Depois da lama, deixou para trás sua casa, em que tinha como vizinhança um de seus filhos, Romeu de Oliveira, ex - trabalhador terceirizado da Samarco. Passou a dividir uma casinha, ainda em uma rua de paralelepípedo, no centro de Mariana-MG, com sua Maria. Eles já moravam juntos no subdistrito, mas sempre mantiveram um relacionamento aberto. Inclusive, dona Maria também é uma jovem senhora, que estava cursando o Ensino Fundamental. Na Escola Municipal de Paracatu, aprendeu a ler e a escrever, dons que, mais tarde, após ir embora da comunidade, ajudaram a transformar sua dor em poesia.

Hoje, as marcas de expressão dos sorrisos de Zé dão espaço à testa franzida e os olhos baixos, de quem cultiva a saudade no olhar. “Aqui tá bom, mas tá ruim, eu tô desassossegado em Mariana. Só como e durmo. Como alguém consegue viver assim? Eu preciso andar, cuidar dos meus bichos. Da minha horta.”

Quando questionado sobre o que irá fazer de sua vida enquanto espera a reconstrução da comunidade, ele já sabe a resposta. “Olha, se demorarem muito tempo para reconstruir minha casa, eu não vou esperar não. Eu mesmo vou reconstruí-la. Eu nasci em Paracatu e é lá que eu vou morrer.”

Na escola de Gesteira nada sobrou. Apenas a memória de dona Geralda de Araújo. e seus alunos, “até hoje quando peço para as crianças escreverem uma redação, elas só falam do desastre”, conta a professora.

Seja nas paisagens ou construções, há uma mesma marca: a cor marrom. “Quem vier pra cá depois daquela quinta-feira, não imagina que por aqui passava um rio vivo e cristalino. Nem que pra lá, as criações pastavam soltas numa grama verdinha”, relembra Geralda, mais conhecida como Naná, enquanto observa da frente de sua casa, o rastro deixado pela Samarco.
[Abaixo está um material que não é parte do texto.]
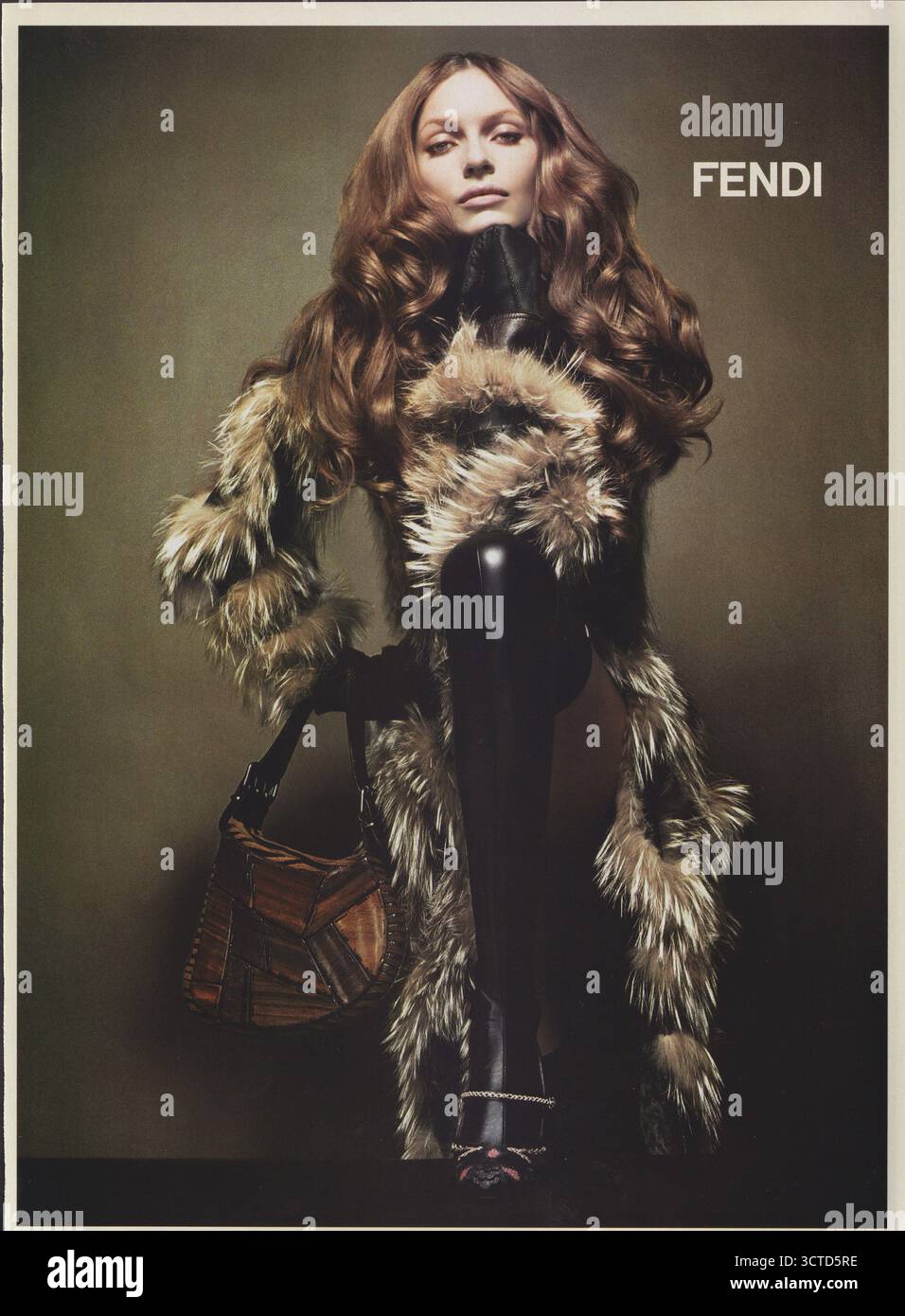 Plakatwerbung FENDI Modehaus mit Rie Rasmussen in Papiermagazin aus 2002 Jahren, Werbung, kreative FENDI-Werbung aus den 2000er Jahren Stockfoto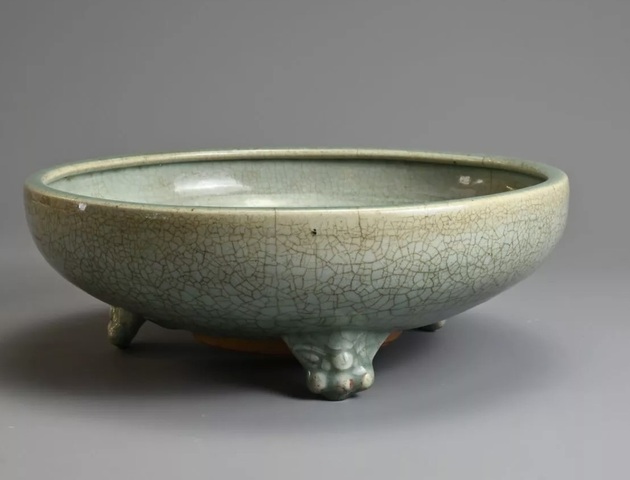 古玩陶瓷青瓷爐真品鑒賞圖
  • Igreja de Gesteira sobreviveu a lama e agora é local de trabalho para ONGs de arqueologia. - Sarah Bulhões

  • Reflexo das árvores secas nas margens do rio Gualaxo do Norte, em Gesteira. - Laura Baiè

Esse mesmo lugar foi onde Naná não pregou os olhos durante a noite do dia 05. Os boatos que chegaram à escola municipal de Gesteira por volta das 19h eram reais. Em 1979, uma chuva incessante encheu os rios Gualaxo e Carmo e as casas inundaram. Em 2015, a sensação foi igual, mas a lama não deixou por menos. A devastação trazida pelo rio Gualaxo do Norte arrancou a ponte que ligava Barra Longa ao pequeno distrito e, sem ter para onde correr, as poucas famílias que ali moravam ficaram ilhadas. Isso durou 15 dias. “Somente carros 4x4 da Samarco conseguiam passar por lá”, recorda Naná, que anda vive na mesma casa há 30 anos.

Mas a casa não é a mesma com a nova rotina. “Tem que limpar praticamente todo dia, a poeira que sobe aqui é demais!”. Há quase um ano no mesmo local, a lama virou terra batida e são poucos os que decidem retornar à Velha Gesteira, como era conhecida. Lá, somente a Igreja de Nossa Senhora da Conceição, padroeira do distrito, ficou de pé.